Davis, 2022 WL 1195287, at *3.

The court of appeals' determination appears reasonable on its face and echoes clearly established federal law. The Supreme Court has recognized that “[t]he selection of an expert witness is a paradigmatic example of the type of ‘strategic choic[e]' that, when made ‘after a thorough investigation of [the] law and facts,' is ‘virtually unchallengeable.'” Hinton v. Alabama, 571 U.S. 263, 275 (2014) (quoting Strickland, 466 U.S. at 690). Here, Petitioner attempts to shoehorn his challenge into the confines of a “challengeable” expert witness decision by claiming that counsel failed to consult and retain an expert witness. However, there is no record support for Petitioner's contention that trial counsel did not investigate the possibility of obtaining expert testimony. Absent such support, Petitioner cannot overcome the presumption that counsel's actions fell within “the wide range of professionally competent assistance.” Strickland, 466 U.S. at 690.

Even without this presumption, Petitioner's claim of ineffective assistance fails. Although Petitioner suggests that appellate counsel consulted two experts who would have been willing to testify on Petitioner's behalf, the court of appeals noted that the experts consulted by appellate counsel did not make any representations that their testimony would have been favorable to Petitioner. Notably, the affidavit prepared by appellate counsel is not a part of the record evidence before this Court. Without some record support that an expert would have provided favorable testimony, it is impossible for Petitioner to demonstrate that counsel was professionally unreasonable for failing to consult and call an expert or that it made any difference in the result of Petitioner's trial.
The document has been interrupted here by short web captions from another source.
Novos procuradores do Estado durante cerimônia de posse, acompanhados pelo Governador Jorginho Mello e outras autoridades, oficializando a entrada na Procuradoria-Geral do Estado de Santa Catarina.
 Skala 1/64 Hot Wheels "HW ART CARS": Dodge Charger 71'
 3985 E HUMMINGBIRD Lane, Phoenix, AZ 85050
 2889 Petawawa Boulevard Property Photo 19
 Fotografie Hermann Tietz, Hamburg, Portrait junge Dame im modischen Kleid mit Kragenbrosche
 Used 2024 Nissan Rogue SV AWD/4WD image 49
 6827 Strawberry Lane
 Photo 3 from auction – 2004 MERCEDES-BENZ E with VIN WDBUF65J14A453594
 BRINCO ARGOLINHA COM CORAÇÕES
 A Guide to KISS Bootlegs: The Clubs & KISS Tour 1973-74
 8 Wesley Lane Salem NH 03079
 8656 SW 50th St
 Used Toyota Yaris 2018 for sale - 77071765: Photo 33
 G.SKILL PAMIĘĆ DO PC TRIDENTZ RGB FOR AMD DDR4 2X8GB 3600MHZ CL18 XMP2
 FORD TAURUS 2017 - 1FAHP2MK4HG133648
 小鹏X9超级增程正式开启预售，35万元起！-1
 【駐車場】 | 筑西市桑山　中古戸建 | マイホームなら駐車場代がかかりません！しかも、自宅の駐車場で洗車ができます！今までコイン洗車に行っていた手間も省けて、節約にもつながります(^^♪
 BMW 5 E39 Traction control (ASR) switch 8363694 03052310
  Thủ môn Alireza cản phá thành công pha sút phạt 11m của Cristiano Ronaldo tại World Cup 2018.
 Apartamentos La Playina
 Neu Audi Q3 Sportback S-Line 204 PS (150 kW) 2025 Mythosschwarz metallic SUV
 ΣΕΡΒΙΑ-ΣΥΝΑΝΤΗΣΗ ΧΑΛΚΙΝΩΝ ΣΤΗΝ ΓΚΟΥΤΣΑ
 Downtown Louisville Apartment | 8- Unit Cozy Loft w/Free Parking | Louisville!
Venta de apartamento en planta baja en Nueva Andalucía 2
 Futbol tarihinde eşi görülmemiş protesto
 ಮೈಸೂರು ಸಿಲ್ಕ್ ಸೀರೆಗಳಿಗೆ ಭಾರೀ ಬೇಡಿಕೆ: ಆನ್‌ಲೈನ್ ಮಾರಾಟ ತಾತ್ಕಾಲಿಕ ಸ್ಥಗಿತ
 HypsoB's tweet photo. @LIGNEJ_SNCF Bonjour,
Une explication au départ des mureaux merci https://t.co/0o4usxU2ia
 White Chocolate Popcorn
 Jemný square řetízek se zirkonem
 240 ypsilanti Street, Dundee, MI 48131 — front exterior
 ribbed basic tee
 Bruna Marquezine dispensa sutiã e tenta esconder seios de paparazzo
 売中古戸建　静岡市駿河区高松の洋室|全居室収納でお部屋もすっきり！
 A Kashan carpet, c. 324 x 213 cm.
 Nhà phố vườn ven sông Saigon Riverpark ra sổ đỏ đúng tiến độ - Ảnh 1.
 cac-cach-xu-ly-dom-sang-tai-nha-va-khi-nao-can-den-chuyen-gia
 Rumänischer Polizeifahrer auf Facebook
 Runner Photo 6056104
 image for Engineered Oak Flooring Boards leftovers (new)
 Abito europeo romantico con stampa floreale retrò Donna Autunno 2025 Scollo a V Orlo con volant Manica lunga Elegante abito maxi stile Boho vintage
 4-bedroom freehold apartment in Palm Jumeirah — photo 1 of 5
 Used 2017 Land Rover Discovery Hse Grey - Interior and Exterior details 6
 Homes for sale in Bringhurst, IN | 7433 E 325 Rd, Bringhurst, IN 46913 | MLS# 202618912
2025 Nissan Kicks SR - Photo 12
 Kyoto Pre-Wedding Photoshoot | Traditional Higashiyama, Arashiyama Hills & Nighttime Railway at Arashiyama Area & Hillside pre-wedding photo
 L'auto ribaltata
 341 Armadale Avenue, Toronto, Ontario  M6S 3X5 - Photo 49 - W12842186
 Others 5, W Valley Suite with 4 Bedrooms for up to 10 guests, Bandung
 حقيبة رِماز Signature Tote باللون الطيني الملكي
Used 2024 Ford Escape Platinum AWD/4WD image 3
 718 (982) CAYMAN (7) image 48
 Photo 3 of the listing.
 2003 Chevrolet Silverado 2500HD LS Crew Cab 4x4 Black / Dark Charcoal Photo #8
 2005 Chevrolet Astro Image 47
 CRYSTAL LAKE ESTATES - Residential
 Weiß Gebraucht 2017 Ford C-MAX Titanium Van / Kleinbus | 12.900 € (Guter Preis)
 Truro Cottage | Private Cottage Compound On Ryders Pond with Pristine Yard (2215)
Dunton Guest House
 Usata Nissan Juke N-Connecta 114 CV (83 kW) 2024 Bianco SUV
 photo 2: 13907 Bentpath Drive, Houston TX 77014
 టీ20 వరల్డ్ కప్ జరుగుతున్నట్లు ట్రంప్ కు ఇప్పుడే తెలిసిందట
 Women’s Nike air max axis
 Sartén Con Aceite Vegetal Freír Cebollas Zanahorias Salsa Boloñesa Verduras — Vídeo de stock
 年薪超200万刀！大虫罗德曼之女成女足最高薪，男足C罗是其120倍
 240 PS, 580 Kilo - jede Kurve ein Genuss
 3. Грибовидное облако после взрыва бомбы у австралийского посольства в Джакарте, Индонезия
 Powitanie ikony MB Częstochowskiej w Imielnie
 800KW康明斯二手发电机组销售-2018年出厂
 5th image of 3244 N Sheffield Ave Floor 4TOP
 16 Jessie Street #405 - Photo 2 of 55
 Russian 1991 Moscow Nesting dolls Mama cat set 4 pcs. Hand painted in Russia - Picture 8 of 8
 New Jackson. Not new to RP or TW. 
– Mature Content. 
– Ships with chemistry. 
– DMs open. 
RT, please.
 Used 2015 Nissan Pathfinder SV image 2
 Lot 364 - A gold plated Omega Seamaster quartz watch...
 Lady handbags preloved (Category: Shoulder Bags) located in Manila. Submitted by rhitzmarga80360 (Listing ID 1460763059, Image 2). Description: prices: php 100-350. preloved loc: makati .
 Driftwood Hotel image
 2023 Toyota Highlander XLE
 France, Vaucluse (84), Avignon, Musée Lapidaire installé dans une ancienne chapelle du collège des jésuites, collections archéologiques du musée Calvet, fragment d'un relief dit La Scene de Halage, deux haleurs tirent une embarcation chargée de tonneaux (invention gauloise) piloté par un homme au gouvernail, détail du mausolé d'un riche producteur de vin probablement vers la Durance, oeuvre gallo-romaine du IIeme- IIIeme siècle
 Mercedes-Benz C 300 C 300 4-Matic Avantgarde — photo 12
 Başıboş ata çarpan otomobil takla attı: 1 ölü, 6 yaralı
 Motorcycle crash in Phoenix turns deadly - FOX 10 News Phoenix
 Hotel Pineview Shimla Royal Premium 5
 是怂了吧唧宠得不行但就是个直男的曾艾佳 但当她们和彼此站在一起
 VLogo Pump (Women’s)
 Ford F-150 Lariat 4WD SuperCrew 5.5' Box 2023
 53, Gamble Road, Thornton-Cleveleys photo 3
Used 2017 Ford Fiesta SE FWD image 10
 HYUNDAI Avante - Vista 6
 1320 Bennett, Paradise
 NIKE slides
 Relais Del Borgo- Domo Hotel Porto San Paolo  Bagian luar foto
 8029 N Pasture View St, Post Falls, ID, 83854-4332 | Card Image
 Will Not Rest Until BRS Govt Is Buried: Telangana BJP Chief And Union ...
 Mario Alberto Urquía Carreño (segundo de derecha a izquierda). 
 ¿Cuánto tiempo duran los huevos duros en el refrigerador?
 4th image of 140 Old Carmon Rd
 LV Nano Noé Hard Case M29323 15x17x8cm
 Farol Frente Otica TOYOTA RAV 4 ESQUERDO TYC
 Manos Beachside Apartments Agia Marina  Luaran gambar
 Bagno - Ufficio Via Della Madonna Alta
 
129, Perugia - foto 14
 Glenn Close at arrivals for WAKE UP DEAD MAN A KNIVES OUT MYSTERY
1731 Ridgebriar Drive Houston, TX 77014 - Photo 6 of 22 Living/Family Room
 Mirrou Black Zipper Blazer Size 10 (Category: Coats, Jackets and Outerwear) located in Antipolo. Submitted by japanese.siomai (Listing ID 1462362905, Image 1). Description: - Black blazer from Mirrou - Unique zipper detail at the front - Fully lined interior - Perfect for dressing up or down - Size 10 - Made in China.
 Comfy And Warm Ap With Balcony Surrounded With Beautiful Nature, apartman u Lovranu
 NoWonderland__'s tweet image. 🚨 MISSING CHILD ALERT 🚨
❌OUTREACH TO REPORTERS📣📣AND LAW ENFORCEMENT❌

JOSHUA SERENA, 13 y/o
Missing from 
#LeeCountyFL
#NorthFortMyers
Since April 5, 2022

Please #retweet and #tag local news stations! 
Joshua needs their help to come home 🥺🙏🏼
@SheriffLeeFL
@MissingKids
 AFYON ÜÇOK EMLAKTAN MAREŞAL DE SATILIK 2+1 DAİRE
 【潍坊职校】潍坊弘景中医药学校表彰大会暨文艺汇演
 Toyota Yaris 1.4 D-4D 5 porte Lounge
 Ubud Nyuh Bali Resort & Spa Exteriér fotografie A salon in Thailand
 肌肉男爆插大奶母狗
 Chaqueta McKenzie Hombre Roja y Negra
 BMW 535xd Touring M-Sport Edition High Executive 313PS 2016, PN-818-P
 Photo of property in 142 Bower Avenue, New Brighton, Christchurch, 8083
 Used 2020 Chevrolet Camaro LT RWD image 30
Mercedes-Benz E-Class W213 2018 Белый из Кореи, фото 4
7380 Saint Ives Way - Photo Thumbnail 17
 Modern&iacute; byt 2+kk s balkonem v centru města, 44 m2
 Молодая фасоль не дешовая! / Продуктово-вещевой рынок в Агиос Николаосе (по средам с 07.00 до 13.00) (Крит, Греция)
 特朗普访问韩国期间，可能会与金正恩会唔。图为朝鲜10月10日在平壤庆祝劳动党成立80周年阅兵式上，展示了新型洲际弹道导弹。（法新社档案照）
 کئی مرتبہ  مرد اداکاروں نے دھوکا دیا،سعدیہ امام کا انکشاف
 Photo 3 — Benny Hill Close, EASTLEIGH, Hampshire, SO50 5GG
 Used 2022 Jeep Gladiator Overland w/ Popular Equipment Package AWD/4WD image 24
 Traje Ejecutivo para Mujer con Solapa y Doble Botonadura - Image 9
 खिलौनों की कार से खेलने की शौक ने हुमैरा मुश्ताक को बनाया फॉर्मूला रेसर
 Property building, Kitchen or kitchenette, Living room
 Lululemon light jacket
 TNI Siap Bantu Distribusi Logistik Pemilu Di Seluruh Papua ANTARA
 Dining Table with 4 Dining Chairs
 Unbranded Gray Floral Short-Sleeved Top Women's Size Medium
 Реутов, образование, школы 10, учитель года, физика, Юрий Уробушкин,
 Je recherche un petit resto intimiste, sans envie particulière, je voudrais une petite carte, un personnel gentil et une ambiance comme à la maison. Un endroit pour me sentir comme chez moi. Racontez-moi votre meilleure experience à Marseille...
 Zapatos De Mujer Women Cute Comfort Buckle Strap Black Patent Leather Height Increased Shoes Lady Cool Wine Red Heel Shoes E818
“A defendant cannot simply state that the testimony would have been favorable; selfserving speculation will not sustain an ineffective assistance claim.” United States v. Ashimi, 932 F.2d 643, 650 (6th Cir. 1991) (footnote omitted); see also Lagrone v. Parris, No. 23-5177, 2023 WL 5623279, at *4 (6th Cir. Aug. 7, 2023) (“Lagrone did not identify an expert his trial counsel could have called or indicate what an expert could have testified that would have been relevant to his defense. The speculative impact of expert testimony is not enough to prove prejudice under Strickland.”); Pillette v. Berghuis, 408 Fed.Appx. 873, 887 (6th Cir. 2010) (stating that “[t]he salient point is that nobody knows what she would have said. Speculation cannot suffice to establish the requisite prejudice.”).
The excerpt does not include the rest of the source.